● **TASK STATEMENT**
Return the lines below exactly, please, from the one containing "408 Lyndon Drive" through the last one, both included, and leave out any pictures.

● **DATA**
• • • •

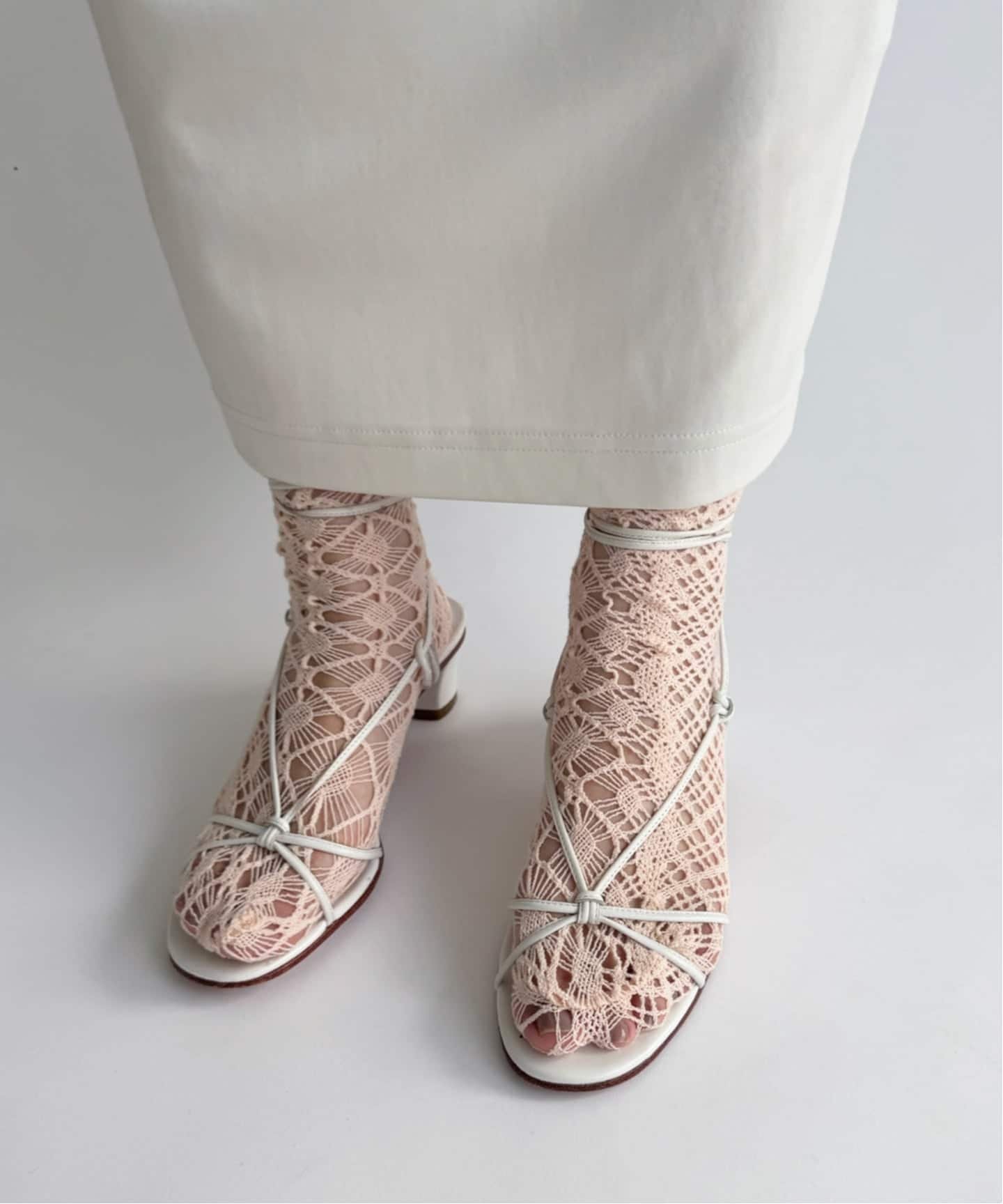 エディット フォー ルル(EDIT. FOR LULU) | 通販・人気ランキング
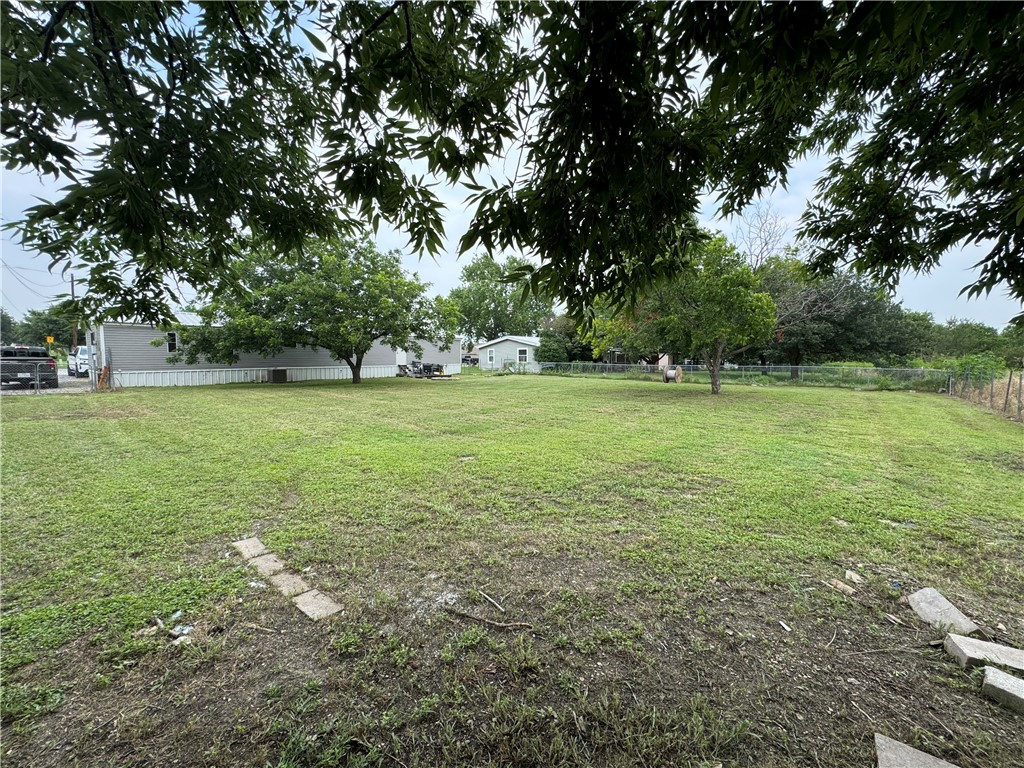 408 Lyndon Drive , Woodway, TX, 76712 | 223361 | Realty Texas LLC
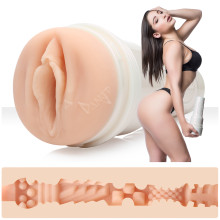 Fleshlight Girls Abella Danger - 26381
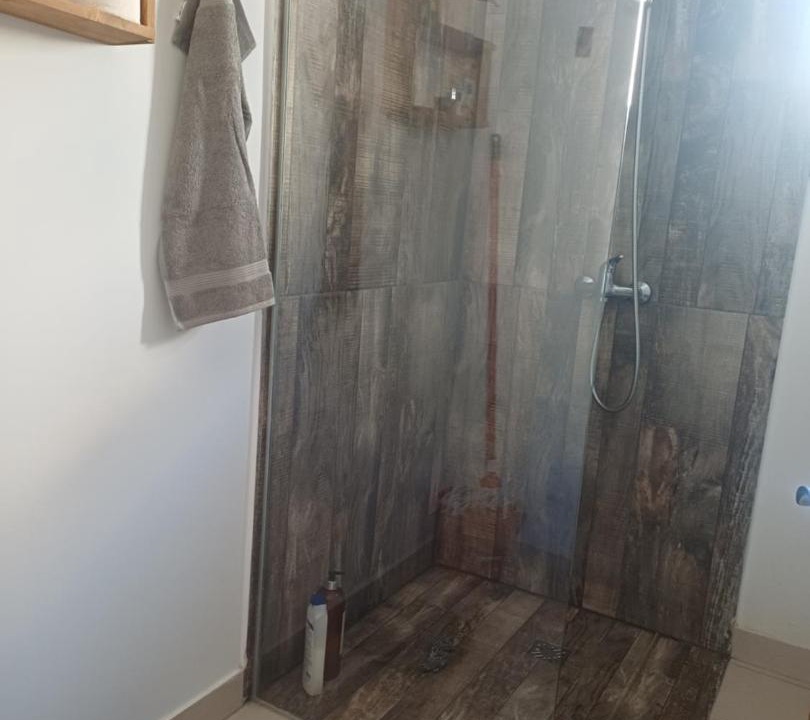 Photo of Bathroom in Ramnicu Valcea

• • • •

● **RESPONSE**
 408 Lyndon Drive , Woodway, TX, 76712 | 223361 | Realty Texas LLC
 Fleshlight Girls Abella Danger - 26381
 Photo of Bathroom in Ramnicu Valcea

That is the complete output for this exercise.